● **TASK DIRECTIONS**
In this exercise, the entries below include pictures. Repeat exactly the lines from the line with "Human LMX1B Protein (Recombinant GST)" to the line with "how do i remove lice eggs licefreee", including both, but without the pictures.

Records drawn from a dataset
+ + + + + + +
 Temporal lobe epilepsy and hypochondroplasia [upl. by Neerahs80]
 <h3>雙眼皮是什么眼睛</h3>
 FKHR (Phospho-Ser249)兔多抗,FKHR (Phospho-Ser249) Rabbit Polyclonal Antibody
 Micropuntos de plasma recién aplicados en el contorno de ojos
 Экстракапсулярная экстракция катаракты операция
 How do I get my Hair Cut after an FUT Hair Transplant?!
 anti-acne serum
+ + + + + + +
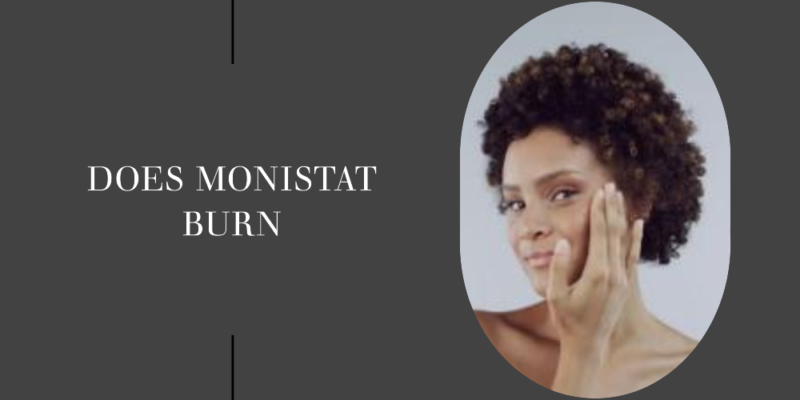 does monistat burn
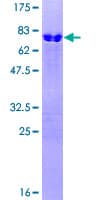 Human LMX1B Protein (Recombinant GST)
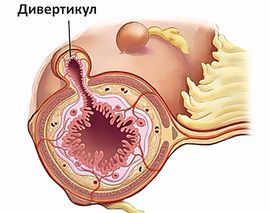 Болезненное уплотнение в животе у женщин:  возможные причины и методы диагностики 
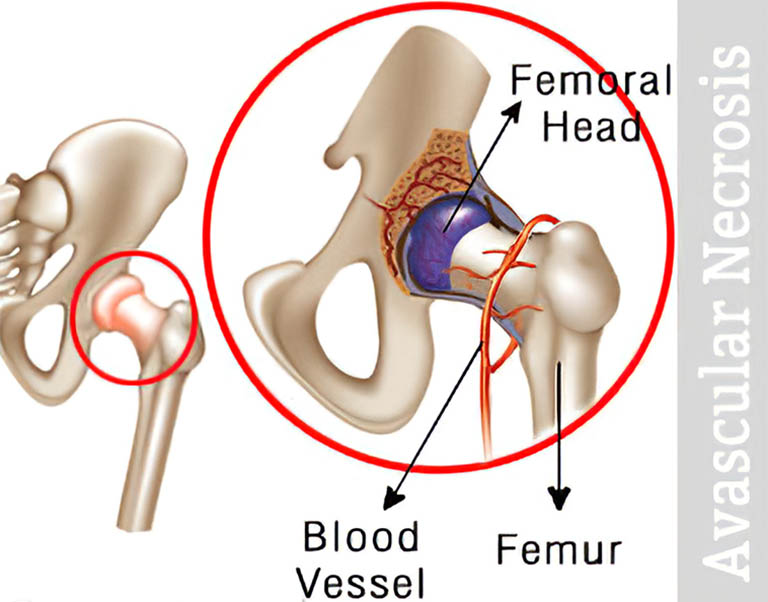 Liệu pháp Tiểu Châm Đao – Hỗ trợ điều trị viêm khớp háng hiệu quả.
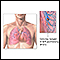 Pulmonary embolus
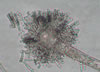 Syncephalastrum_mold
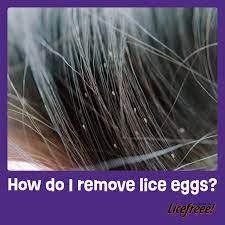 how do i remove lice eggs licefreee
+ + + + + + +
● **TASK OUTPUT**
 Human LMX1B Protein (Recombinant GST)
 Болезненное уплотнение в животе у женщин:  возможные причины и методы диагностики 
 Liệu pháp Tiểu Châm Đao – Hỗ trợ điều trị viêm khớp háng hiệu quả.
 Pulmonary embolus
 Syncephalastrum_mold
 how do i remove lice eggs licefreee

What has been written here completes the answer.